═══ Data extract ═══

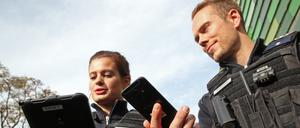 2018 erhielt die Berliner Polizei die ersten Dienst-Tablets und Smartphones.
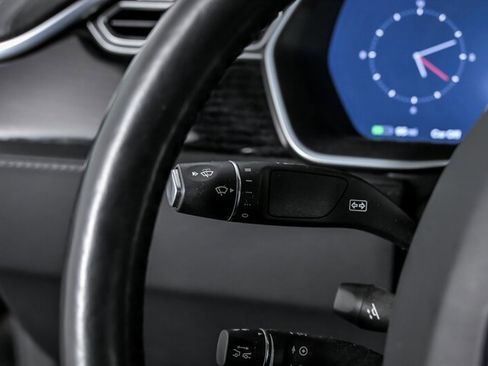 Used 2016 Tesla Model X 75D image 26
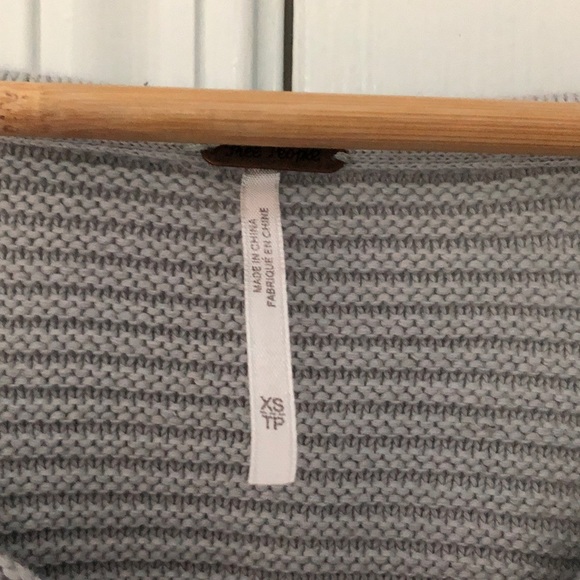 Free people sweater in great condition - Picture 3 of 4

═══

**What to produce:** Set down the entire material verbatim, with each picture left out.

**Result for this task:**
 2018 erhielt die Berliner Polizei die ersten Dienst-Tablets und Smartphones.
 Used 2016 Tesla Model X 75D image 26
 Free people sweater in great condition - Picture 3 of 4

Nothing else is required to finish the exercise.